▸ STORED DATA:
• • • •

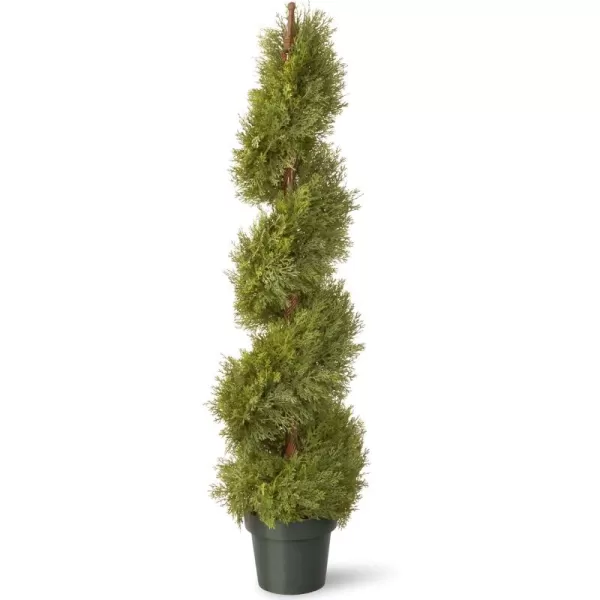 imageNational Tree Company Company Artificial Shrub Includes Pot Base Upright Juniper Slim Spiral48 Inch Green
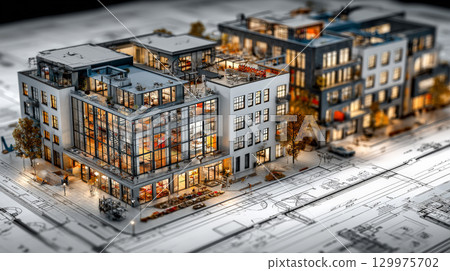 A highly detailed 3D rendering of a house construction project placed over architectural blueprints, representing modern building design, precise planning, and advanced engineering. Generative AI 129975702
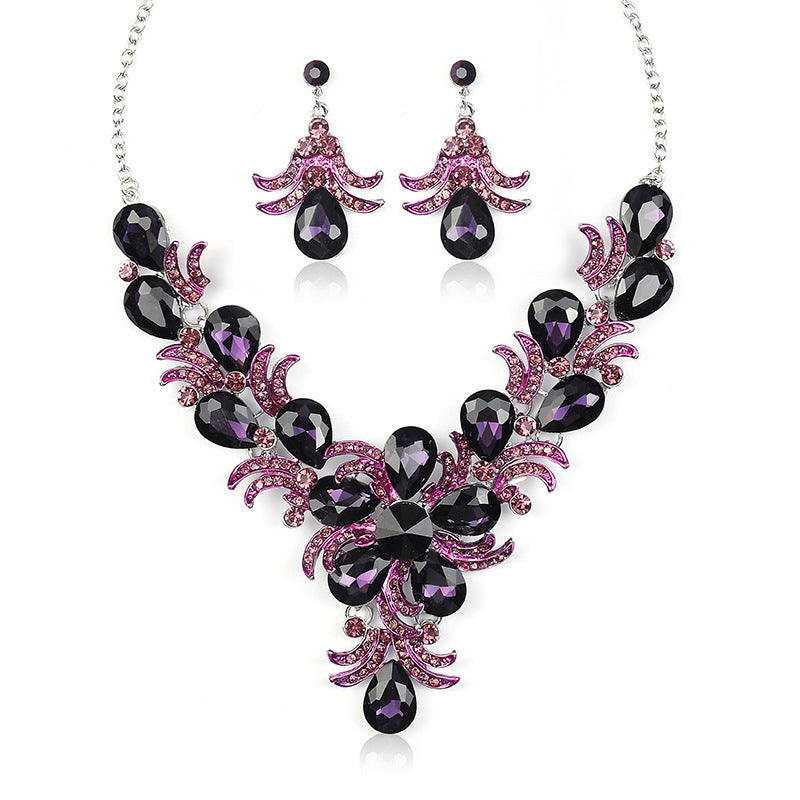 Alloy Diamond Drop Necklace and Earring Set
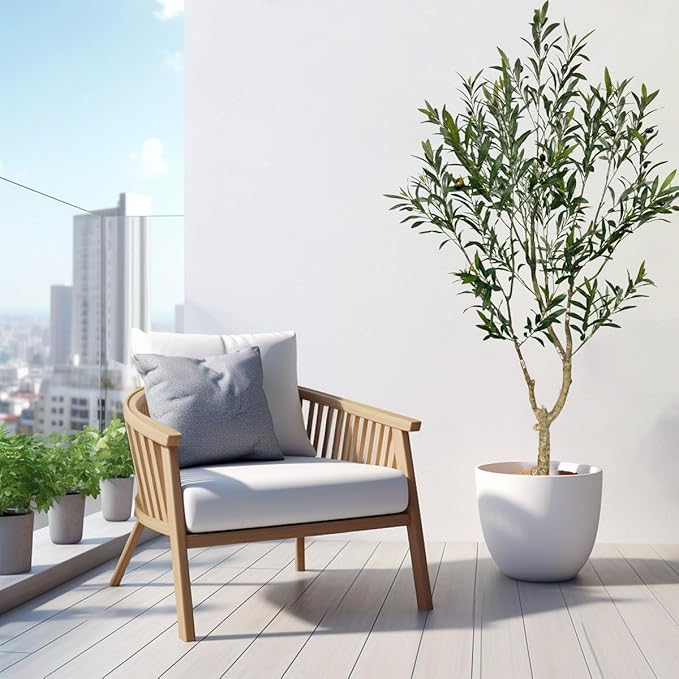 Artificial Tree Faux Olive Tree 6ft(71in,1289leaves) Tall Fake Olive Plant in Pot Fake Silk Tree Faux Plants Indoor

• • • •

▸ INSTRUCTIONS TO FOLLOW:
Reproduce every line above exactly, pictures excluded.

▸ OUTPUT FOR THIS EXERCISE:
 imageNational Tree Company Company Artificial Shrub Includes Pot Base Upright Juniper Slim Spiral48 Inch Green
 A highly detailed 3D rendering of a house construction project placed over architectural blueprints, representing modern building design, precise planning, and advanced engineering. Generative AI 129975702
 Alloy Diamond Drop Necklace and Earring Set
 Artificial Tree Faux Olive Tree 6ft(71in,1289leaves) Tall Fake Olive Plant in Pot Fake Silk Tree Faux Plants Indoor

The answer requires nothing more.